::: Information supplied

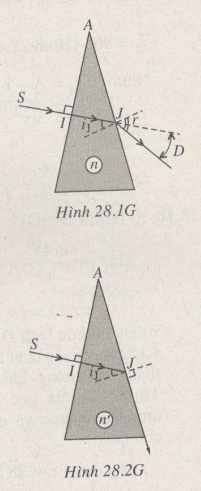 Giải bài tập SBT Vật lý 11 bài 28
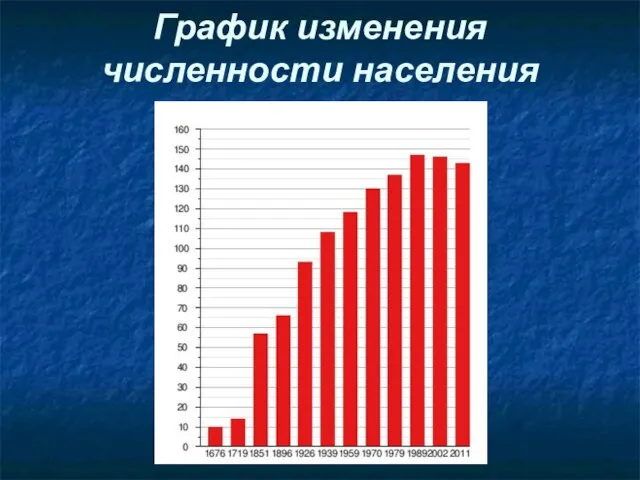 График изменения численности населения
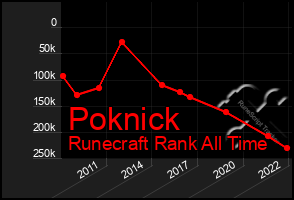 Total Graph of Poknick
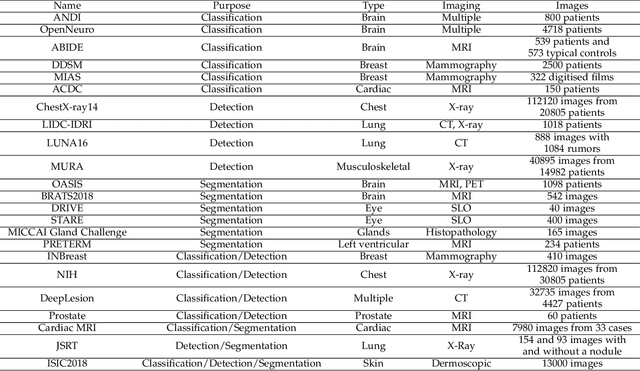 Figure 1 for A Survey on Domain Knowledge Powered Deep Learning for Medical Image Analysis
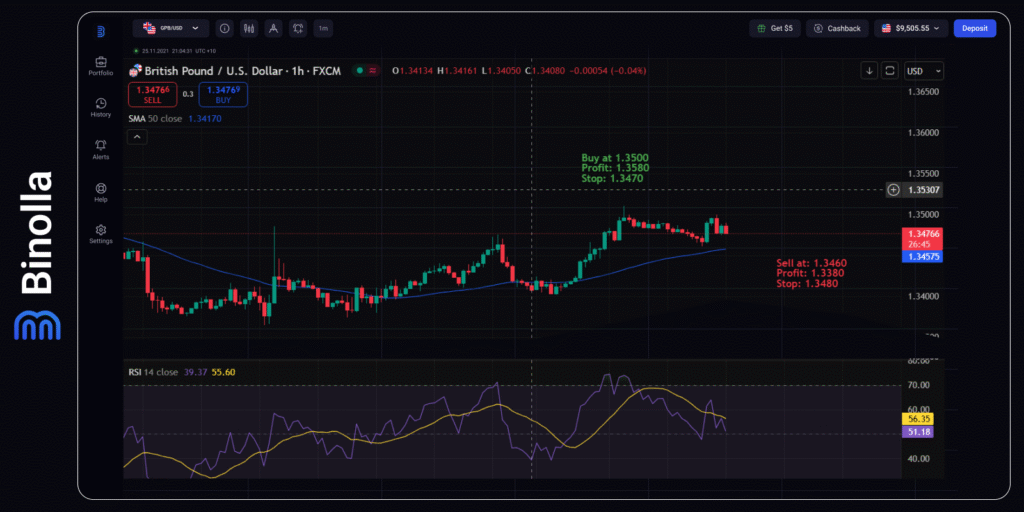 Binolla Blog - ECB Meeting in Focus: What Will Be the Next Move By the Central Bank? 8 Binolla Blog Image - ECB Meeting in Focus: What Will Be the Next Move By the Central Bank? 7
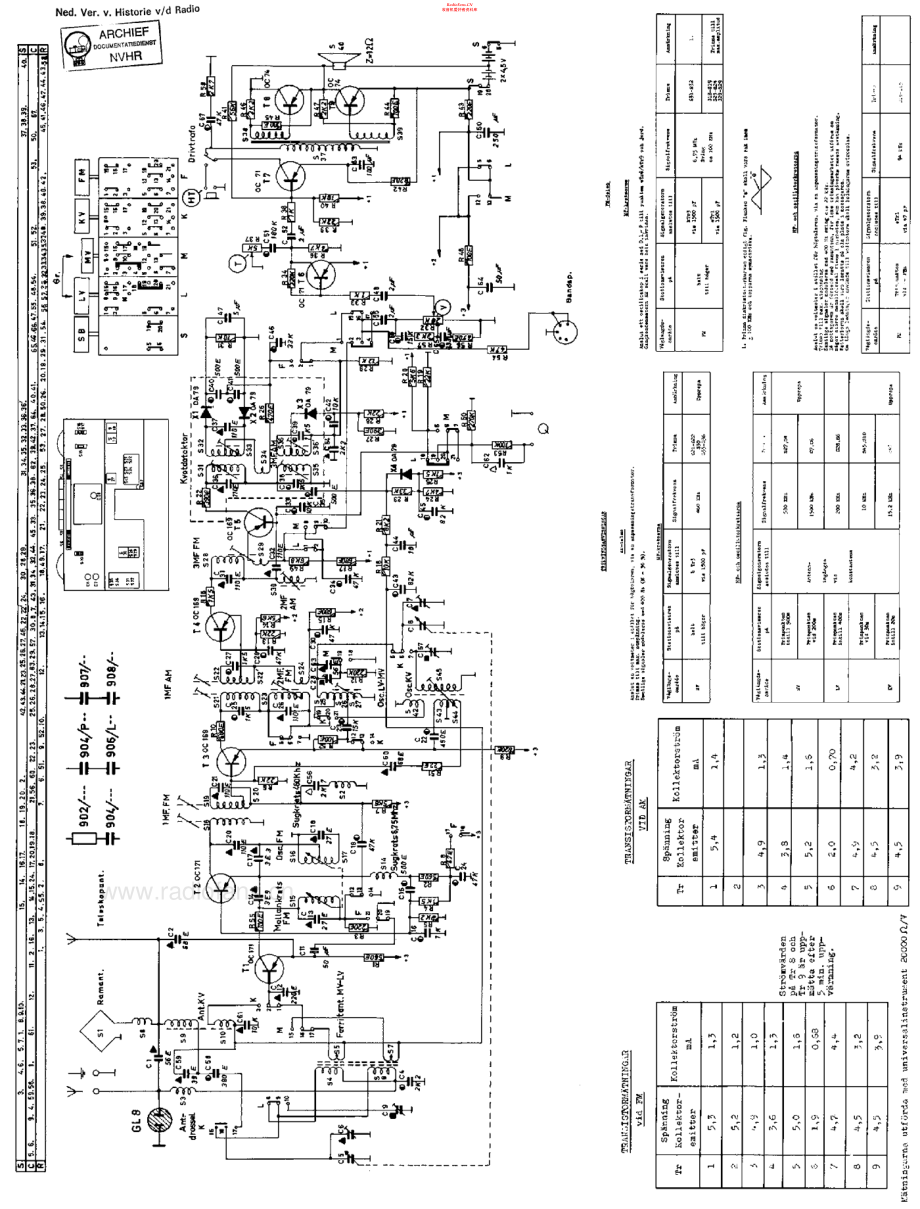 Conserton-B1920T-rec-sm维修电路原理图.pdf_第2页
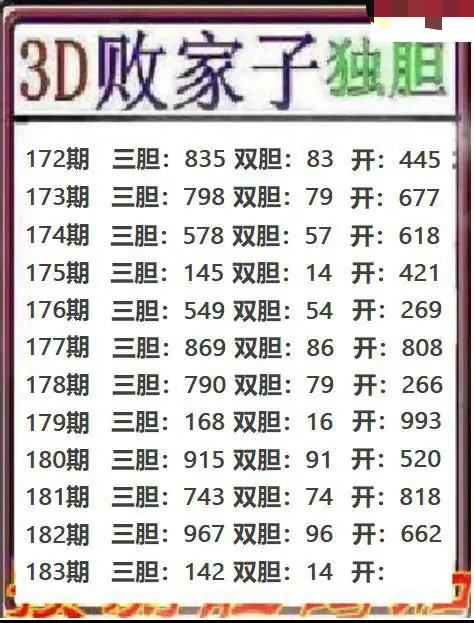 败家子独胆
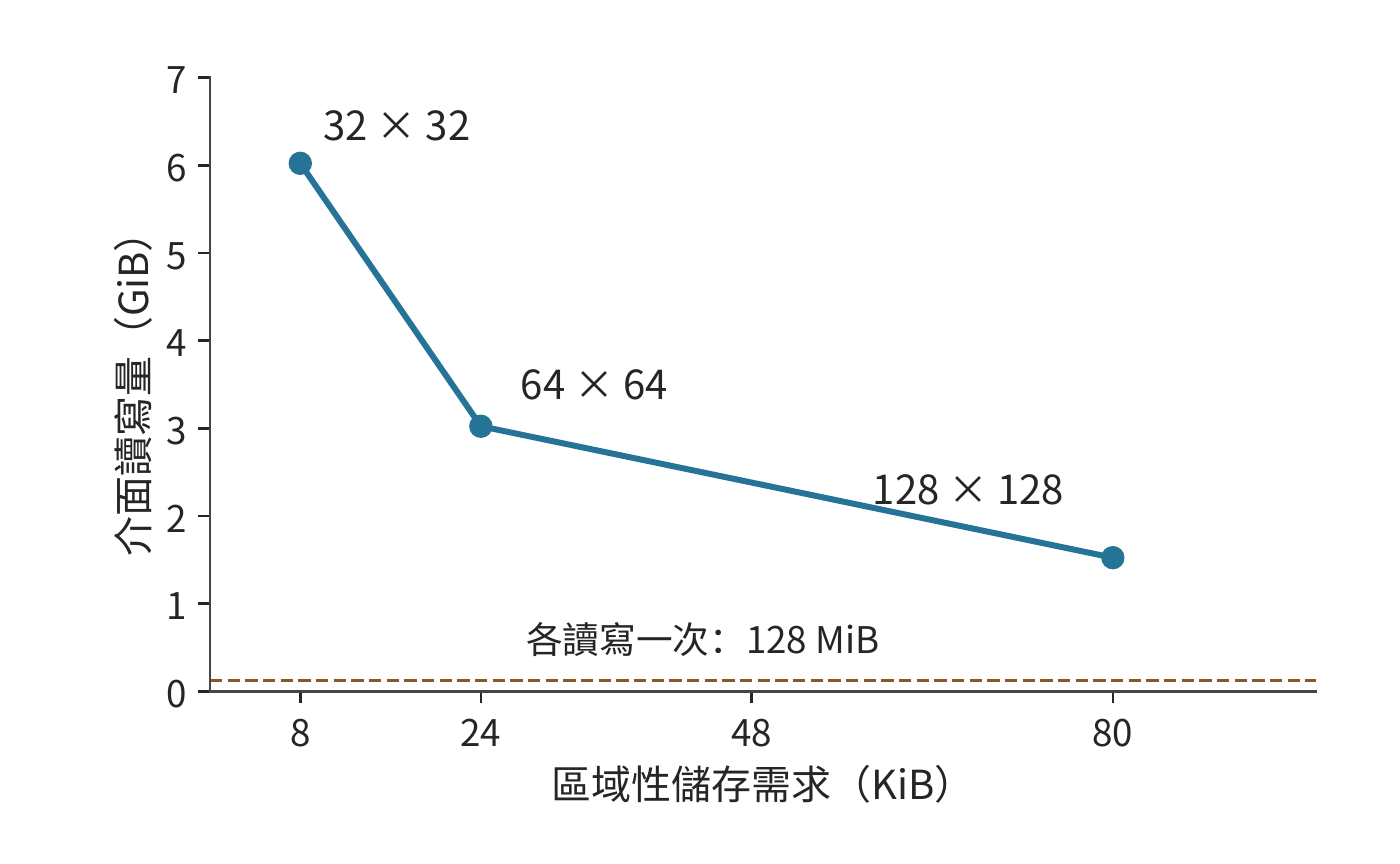 圖 5-8 區域性容量與矩陣重讀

::::::

Exercise:
Reprint the whole listing above exactly, taking out the pictures.

Response to this exercise:
 Giải bài tập SBT Vật lý 11 bài 28
 График изменения численности населения
 Total Graph of Poknick
 Figure 1 for A Survey on Domain Knowledge Powered Deep Learning for Medical Image Analysis
 Binolla Blog - ECB Meeting in Focus: What Will Be the Next Move By the Central Bank? 8 Binolla Blog Image - ECB Meeting in Focus: What Will Be the Next Move By the Central Bank? 7
 Conserton-B1920T-rec-sm维修电路原理图.pdf_第2页
 败家子独胆
 圖 5-8 區域性容量與矩陣重讀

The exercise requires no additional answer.